# What the task requires:
All entries must be repeated exactly; do not include the pictures.
Supplied records: Begin
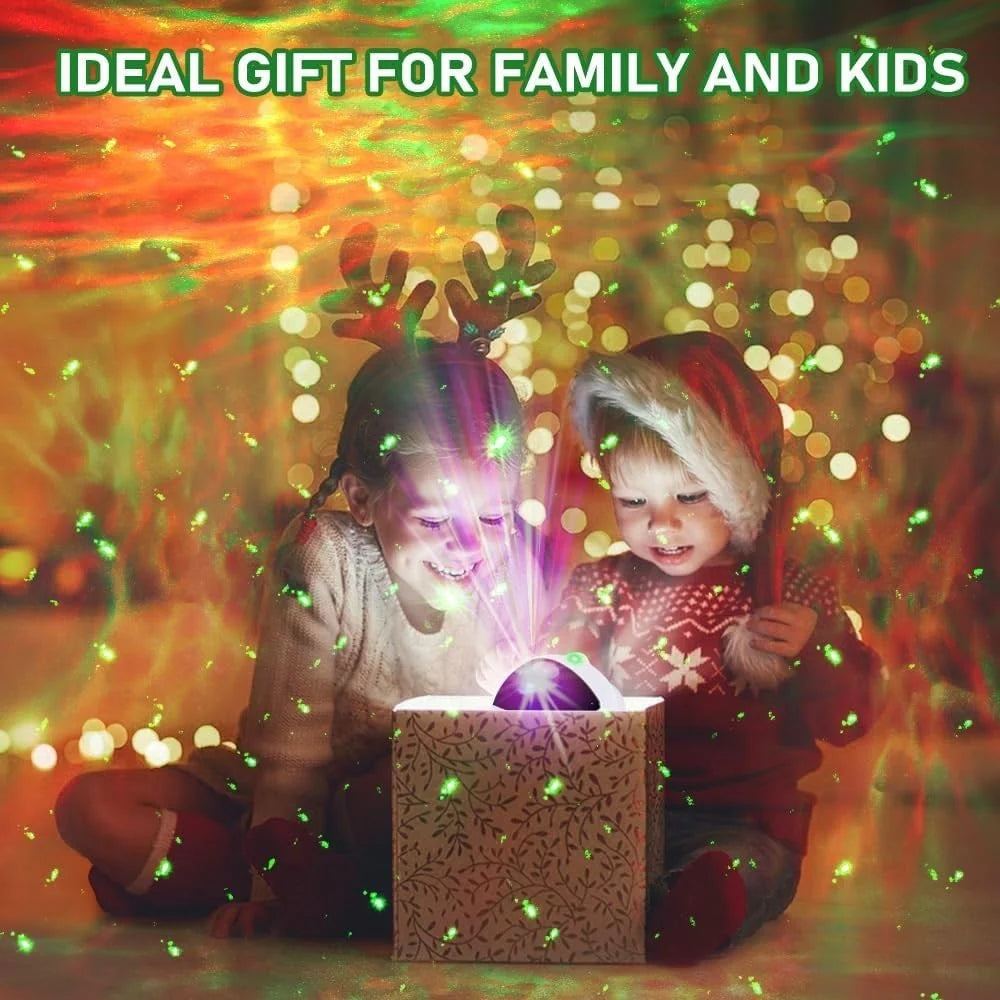 Astronaut Galaxy Projector, 360 Adjustable Star Projector, Starry Night Light Projector with Timer and Remote Control, USB Powered, Astronaut Space Warrior Galaxy Night Light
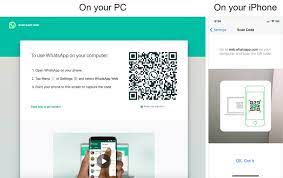 May 26, 2021 · these are a few ways using which you can message unsaved contacts or phone numbers on whatsapp using your android or ios smartphone and even whatsapp web. How To Enable And Use Whatsapp Web With Iphone Igeeksblog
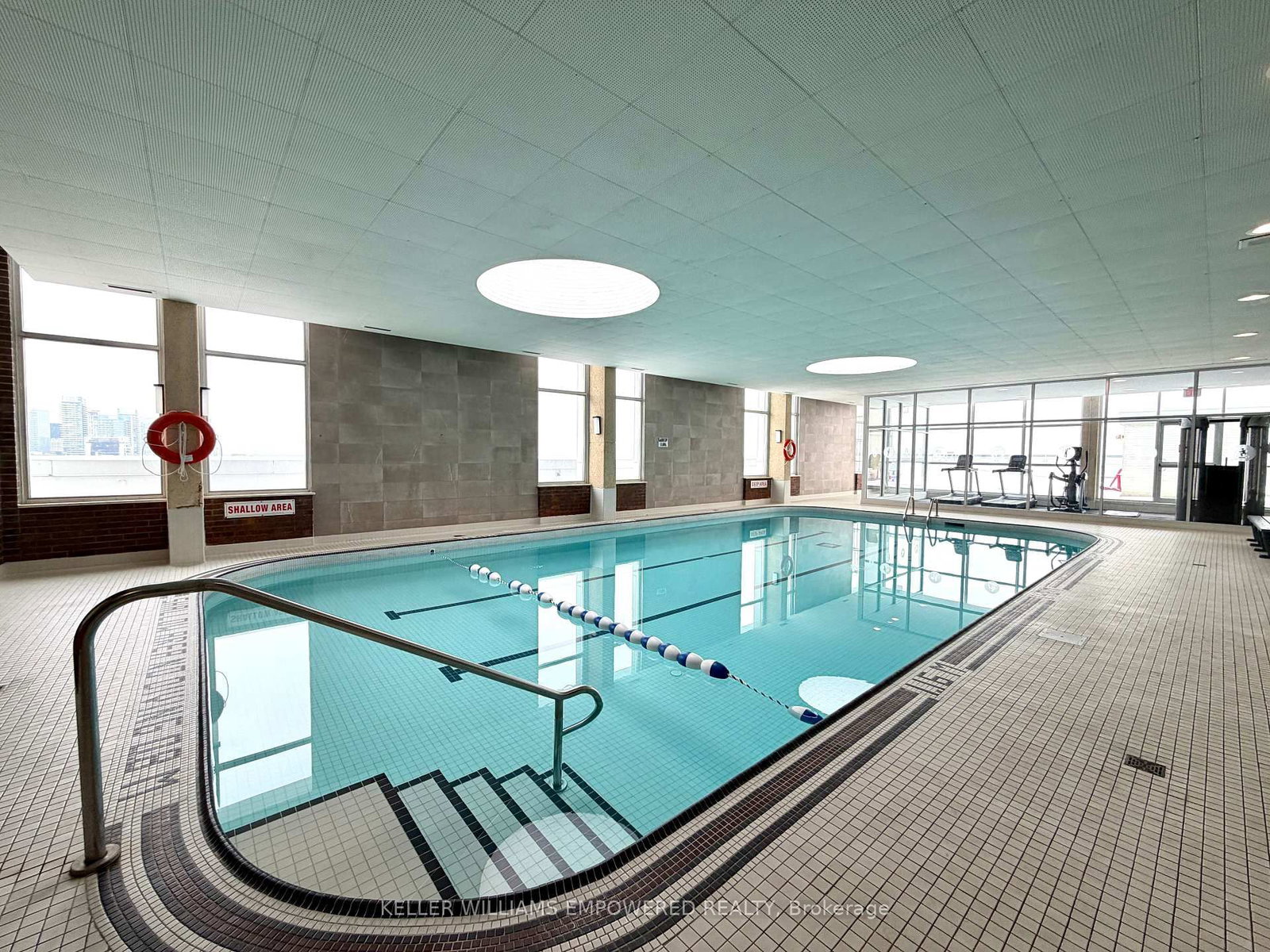 Condo for lease at 608-225 Davisville Avenue, Toronto, Ontario, M4S 1G9 - Mount Pleasant West - MLS: C13010594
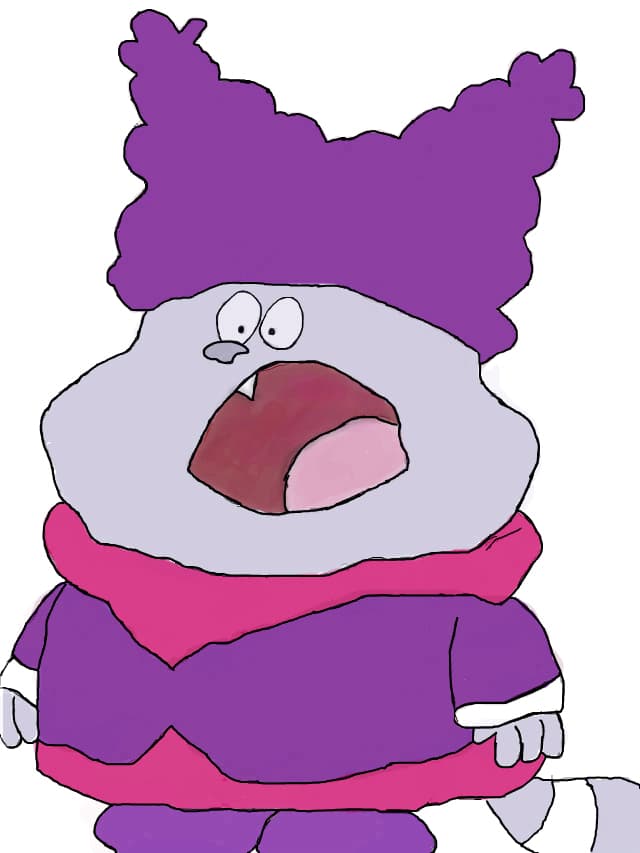 Chowder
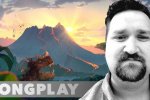 Il Long Play di stasera vedrà Marco Salemi giocare a Hearthstone: Viaggio a Un'Goro - Notizia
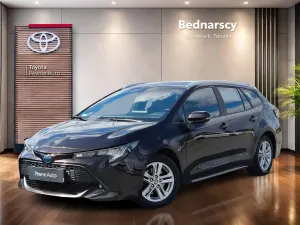 Toyota Corolla Seria E21 (2019-) 2.0 Hybrid Comfort 2022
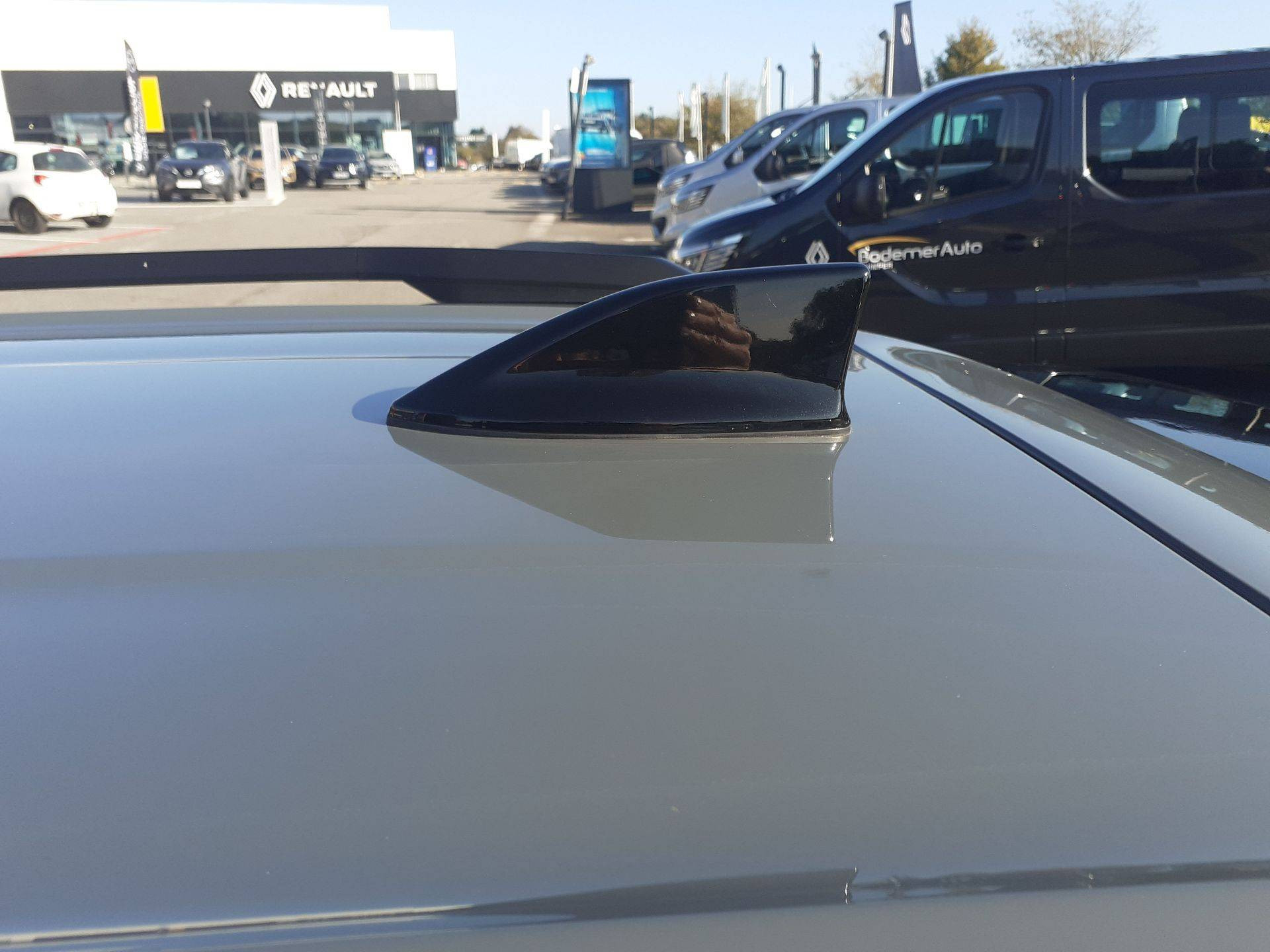 Vente en ligne Renault R4 E-Tech  150 ch autonomie confort au prix de 30 990 €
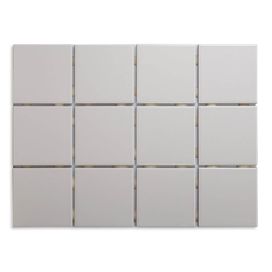Revestimento 10x10 Marfil Telado Acetinado Bold Strufaldi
Supplied records: End
# Output below:
 Astronaut Galaxy Projector, 360 Adjustable Star Projector, Starry Night Light Projector with Timer and Remote Control, USB Powered, Astronaut Space Warrior Galaxy Night Light
 May 26, 2021 · these are a few ways using which you can message unsaved contacts or phone numbers on whatsapp using your android or ios smartphone and even whatsapp web. How To Enable And Use Whatsapp Web With Iphone Igeeksblog
 Condo for lease at 608-225 Davisville Avenue, Toronto, Ontario, M4S 1G9 - Mount Pleasant West - MLS: C13010594
 Chowder
 Il Long Play di stasera vedrà Marco Salemi giocare a Hearthstone: Viaggio a Un'Goro - Notizia
 Toyota Corolla Seria E21 (2019-) 2.0 Hybrid Comfort 2022
 Vente en ligne Renault R4 E-Tech  150 ch autonomie confort au prix de 30 990 €
Revestimento 10x10 Marfil Telado Acetinado Bold Strufaldi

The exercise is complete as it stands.